From the parking lot, Camelback doesn’t look daunting. It’s an impressive sandstone slab but, from all appearances, no more than a twenty minute walk to the crest. Steep, sure, but there are steps and then, at the top, a little lookout for photo-taking. Problem is, the crest you see from the parking lot is just the first leg of a much longer, much steeper hike. Apparently, nobody who’s new to Camelback understands this. It looks like you walk up those steep dirt steps for a quarter mile and then you’re done. Only when you get to the top of that first leg do you realize that there’s a second, steeper leg. And, then, only after you’ve climbed the second steeper leg do you realize that there’s a third even-steeper leg. By that time you’re too deep in – it’s like a bad relationship: you’ve got so much into it, you can’t bring yourself to quit. Little do you know that there are third, fourth, and fifth increasingly steeper sections. By the time you’re done, you will have trekked over a mile up 1400 feet, where it gets so rocky and so steep that you are nearly crawling on all fours to reach the top.

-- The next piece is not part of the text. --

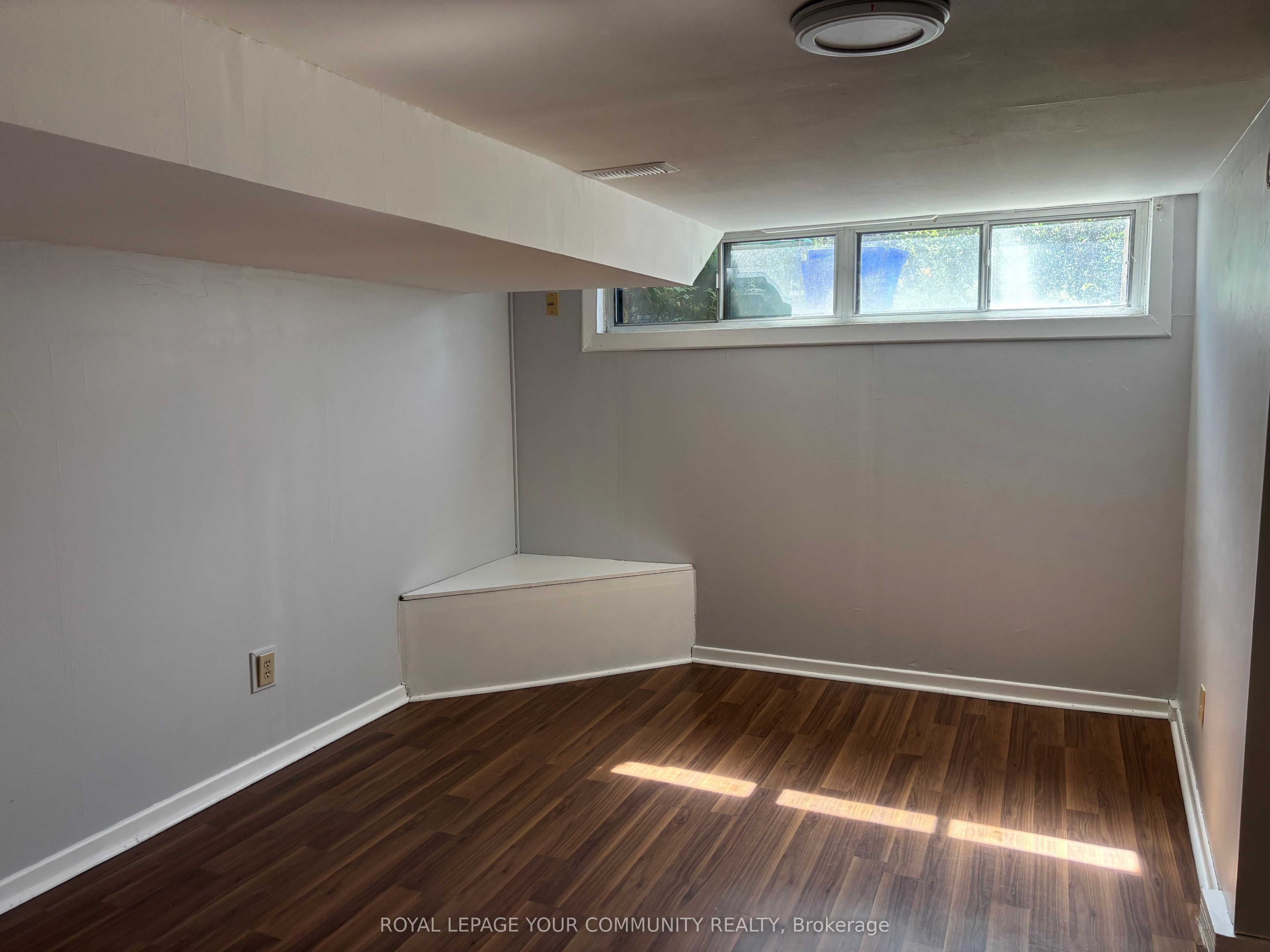 211 Axminster Drive Property Photo 16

So, there are crowds of cheery, thoroughly unprepared hikers at the bottom — children, retirees, dogs on leashes, pot-bellied tourists —- who haven’t a clue that, short of wearing crampons and doing some real mountain climbing, this will be as tough a climb as they will ever attempt. The varying degrees of shock and amazement expressed by these climbers, once they’re on their way, is something to see. Nobody can believe what is happening and yet almost nobody is willing to turn back. Everyone, except the hardbodies who bound past like mountain goats, is panting and sweating and squinting up, always up and up, in disbelief. One teenaged girl I passed, peered up at her advanced partners and shouted, “My head hurts!”

It may say something about the blind, driving American spirit that so many tourists make an attempt to get to the top of this steep pile of rock. The popularity of a hill like this—that so many would waste an afternoon risking life and limb for a chance to get a good view—may also measure the quality of leisure that one nation enjoys. You can bet that, when the pioneers wagoned out this way, they didn’t burn their precious time climbing hills for no good reason, no matter how pretty the view.

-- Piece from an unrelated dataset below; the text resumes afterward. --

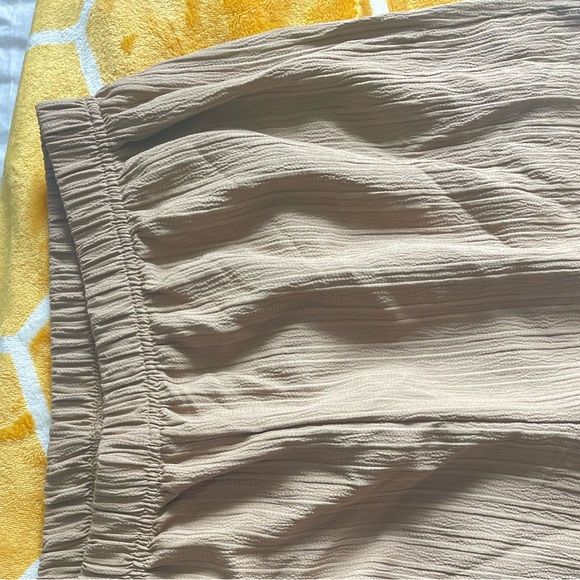 2 wide legged pants. One button and one stretchy. - Picture 6 of 6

I pitied the scrub trees that jutted occasionally from the rocks, their branches polished by so many hapless hand grips. I pitied, too, the couples who thought this would make a great first date. Said one beau to his would-be mate at the bottom of the mountain: “Ready for the big climb?” She smiled shyly and said, “No.”

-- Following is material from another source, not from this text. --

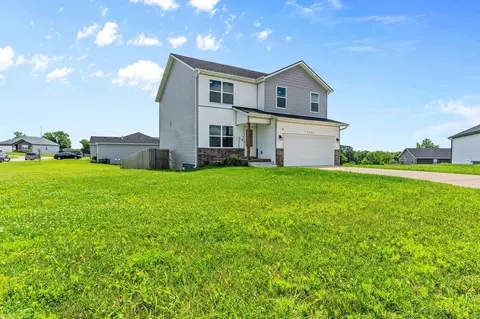 Exterior - 1122 E Lakota St, Nixa, MO 65714 photo 3 of 7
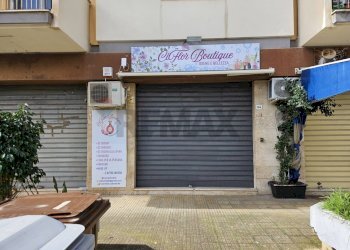 Saracinesca elettrica - Commercial Premises Via Umberto Giordano
 
134, Palermo - photo 5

Once I was on my breathless way, I was grateful to those ahead of me who slowed the pace of my climb and I was relieved whenever my shoe laces needed tightening. You’ll never see so many excuses to dawdle as you will see on this trail. I left my brothers behind, not because I was determined to beat them to the top but only because I didn’t trust that I’d go all the way if I slowed down.  I couldn’t stand the thought that I wouldn’t make it to the top. This must have explained the psychology of most of my fellow hikers as they shook their heads in disbelief and continued to peer up in puzzlement, as if to say, “This is a joke, right? How could anyone put a mountain like this so close to the road and invite any and everybody to hike up it without posting a warning sign?”

At one point, a woman ahead of me was slipping back—butt first—in my direction and I had to refrain from giving her a helpful two-handed push. I imagine that in a problematic environment like this, people clambering and stumbling every which way over boulders the size of compact cars, there may be plenty of misunderstandings about who’s getting in who’s way. I swear that half the rocks I gripped were slippery with somebody else’s sweat.

If you’re not accustomed to steep climbs over boulders the size of compact cars, you won’t understand that going down could be harder than going up. This sounds like yet another cruel joke, doesn’t it? The problem is, having hurled yourself up the mountain and overtaxed your legs, you are now – happily at the summit – aware that your thigh and calf muscles are twitching like a Zumba pro. Only when you begin your descent will you realize that those muscle can’t resist the bullying pull of gravity. The result is a lot of stumbling and sliding as your legs give way every time you step off a boulder. Dogs have a distinct advantage, being lower to the ground and quadrupeds. So you can add dog envy to the list of indignities you may suffer on your hike.


Which is not to say I didn’t enjoy it. I enjoyed it immensely, in great part because I survived. I imagine that, as hordes of tourist take on this hike, somebody suffers a sprained ankle or broken foot or leg every day. My mother says, “Somebody’s always having to get rescued from Camelback Mountain.” Maybe there was a warning sign at the bottom that I didn’t see it. As one young hiker said in disbelief, “I’m seeing all these old people walking up here and I’m thinking, What the hell is going on?”